新・立憲民主党になる前から、立憲民主党はベーシック・サービスの拡充を掲げてきた。しかし、ネットを中心に立憲民主党の再分配政策は不十分だという声も大きかった。その理由のひとつは、
消費税をめぐる意見の違いによる。
枝野幸男は民放の番組に出演した際、コロナ禍における経済政策のひとつとして、時限的な消費税率の引き下げに言及した。しかし、恒久的な消費税率の引き下げについては一貫して消極的である。
それに対して、日本社会には
消費税悪玉論が根強くある。それはアベノミクス支持者からリベラル左派にまで浸透している。消費税を増税すると個人消費について大きな影響がある。また、高所得者も低所得者も同じ税率であるのに加え低所得者は消費性向が高いので、累進課税である所得税や法人税と比べて逆進性が大きい税制とされるのも再分配政策と相性が悪いとされる。日本では消費税の導入以降、法人税が下げられ続けてきた。消費税の増税は実質的には法人税減税の穴埋めであり、格差拡大に寄与することになった。
しかし本来的には
消費税は租税体系と給付をめぐるバランスにおいて考えられるべき問題である。日本より消費税率の高い欧州諸国では、所得再分配後の格差は日本より縮小している。極論だが、消費意欲への影響を度外視すれば、消費税を5%あげ、その分を日本の人口で均等に配分するとすれば、低所得者は払った以上の金額を手にすることができるはずである。
したがって、消費税の減税なくして再分配政策なしとするような一部の極端な論調には与するべきではない。もちろんコロナ禍における経済政策としての消費税減税については検討する余地があり、行政サービスを向上させるための増税を新たに行う場合、まずは消費税よりも所得税などの累進税率の引き上げを検討するべきだろう。
だが、それでも消費税は租税体系の一部にすぎず、それ自体が新自由主義政策なのではない。むしろ消費税減税やベーシック・インカム導入などのネットでは評価が高い政策ほど、新自由主義に接続する危険性が大きい。そうした「単純な」議論ほど、公共性とその責任の所在をめぐる複雑な議論を避けることができるからだ。
ここで明言しておくが、筆者は立憲民主党の利害関係者ではなく、その内部で行われている議論について知りうる立場でもない。保守系議員や新自由主義を支持する議員もいる立憲民主党が、スローガン通りに新自由主義と決別することができるのかはいまだ未知数である。また、新自由主義とうまく決別できたとしても、階級闘争という観点を欠いた「第三の道」路線がうまくいくかどうかは検討の余地がある。
さらに問題なのは、
歴史認識である。日本軍「慰安婦」問題や徴用工の問題については立憲民主党の立場は安倍政権とほとんど変わることはない。歴史修正主義に加担している議員さえいる。

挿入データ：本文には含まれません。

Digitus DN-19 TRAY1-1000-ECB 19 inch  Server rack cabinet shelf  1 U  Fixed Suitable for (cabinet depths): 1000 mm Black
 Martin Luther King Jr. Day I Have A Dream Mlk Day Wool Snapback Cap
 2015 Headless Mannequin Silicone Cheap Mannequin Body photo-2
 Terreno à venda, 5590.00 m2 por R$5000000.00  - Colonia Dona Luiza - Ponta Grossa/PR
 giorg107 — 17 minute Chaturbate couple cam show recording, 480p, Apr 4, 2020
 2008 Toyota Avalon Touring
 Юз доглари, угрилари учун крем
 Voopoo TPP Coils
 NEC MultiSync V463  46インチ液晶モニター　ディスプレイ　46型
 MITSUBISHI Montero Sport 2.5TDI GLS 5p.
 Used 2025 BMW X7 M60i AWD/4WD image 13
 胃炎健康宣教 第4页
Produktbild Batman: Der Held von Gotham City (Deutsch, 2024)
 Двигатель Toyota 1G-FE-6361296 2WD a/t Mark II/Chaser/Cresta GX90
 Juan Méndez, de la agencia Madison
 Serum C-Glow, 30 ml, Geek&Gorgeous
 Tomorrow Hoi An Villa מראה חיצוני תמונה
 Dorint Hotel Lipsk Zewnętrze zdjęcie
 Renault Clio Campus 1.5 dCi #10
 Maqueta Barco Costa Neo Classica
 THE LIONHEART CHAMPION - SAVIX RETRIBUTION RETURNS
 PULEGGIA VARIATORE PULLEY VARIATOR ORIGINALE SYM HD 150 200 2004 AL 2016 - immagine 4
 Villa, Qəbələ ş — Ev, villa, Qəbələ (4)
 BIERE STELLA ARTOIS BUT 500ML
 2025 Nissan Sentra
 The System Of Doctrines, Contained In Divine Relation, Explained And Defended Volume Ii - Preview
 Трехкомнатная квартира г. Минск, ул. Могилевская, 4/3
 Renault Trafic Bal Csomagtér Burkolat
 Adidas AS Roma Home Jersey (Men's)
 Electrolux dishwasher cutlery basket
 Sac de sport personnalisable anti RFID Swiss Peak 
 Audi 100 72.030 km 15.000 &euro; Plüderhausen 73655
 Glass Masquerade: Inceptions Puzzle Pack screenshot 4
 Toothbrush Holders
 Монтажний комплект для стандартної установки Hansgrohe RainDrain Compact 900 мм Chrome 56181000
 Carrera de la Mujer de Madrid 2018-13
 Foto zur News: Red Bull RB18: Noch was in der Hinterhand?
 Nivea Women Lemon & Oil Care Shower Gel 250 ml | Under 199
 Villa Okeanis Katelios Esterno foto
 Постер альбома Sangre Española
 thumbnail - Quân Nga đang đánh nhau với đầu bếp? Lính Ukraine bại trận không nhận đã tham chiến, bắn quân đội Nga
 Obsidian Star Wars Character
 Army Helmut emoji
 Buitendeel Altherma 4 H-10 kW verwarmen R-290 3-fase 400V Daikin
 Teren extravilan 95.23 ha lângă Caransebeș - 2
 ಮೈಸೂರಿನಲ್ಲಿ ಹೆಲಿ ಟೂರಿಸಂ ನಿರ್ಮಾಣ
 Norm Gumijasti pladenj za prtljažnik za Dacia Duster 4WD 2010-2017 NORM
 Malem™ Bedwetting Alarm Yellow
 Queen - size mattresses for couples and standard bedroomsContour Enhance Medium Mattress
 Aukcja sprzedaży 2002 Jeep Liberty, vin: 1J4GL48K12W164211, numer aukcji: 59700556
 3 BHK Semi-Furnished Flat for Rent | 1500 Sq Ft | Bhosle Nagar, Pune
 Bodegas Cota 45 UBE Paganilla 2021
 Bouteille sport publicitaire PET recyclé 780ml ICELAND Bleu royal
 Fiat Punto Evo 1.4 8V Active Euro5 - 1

人々が「支え合う社会」に必要なのは人権意識であり、歴史認識はそのリトマス試験紙である。この点については、合流新党のみならず日本のリベラルの課題だろう。
一方で、新・立憲民主党について二大保守政党の改革競争という55年体制以降の傾向にいったん終止符が打たれたことについては評価するべきだろう。
「自己責任から支え合いへ」のスローガンは党の憲法である。このスローガンを立憲民主党が貫徹できるかは、市民の監視にかかっている。盲目的に支持するのではなく、かといって短絡的に見放して青い鳥を負うのでもなく、適切な距離を保ちながら理念の実現を求めることが、政党を育てることにつながる。かつての民主党系政党も、左派リベラル的に活用できるような理念を掲げていたのだが、市民がそれらを育てようとはせず、必要以上の警戒と攻撃をしてしまうことによって、それが成熟する前に崩壊するということを繰り返した。
政党は民主主義における戦略的な手段以上のものではない。全面的に信用できる政党は存在しない。政党が有用なものとなるか、無用なものとなるかは、市民の適切な現状認識とその活用にかかっている。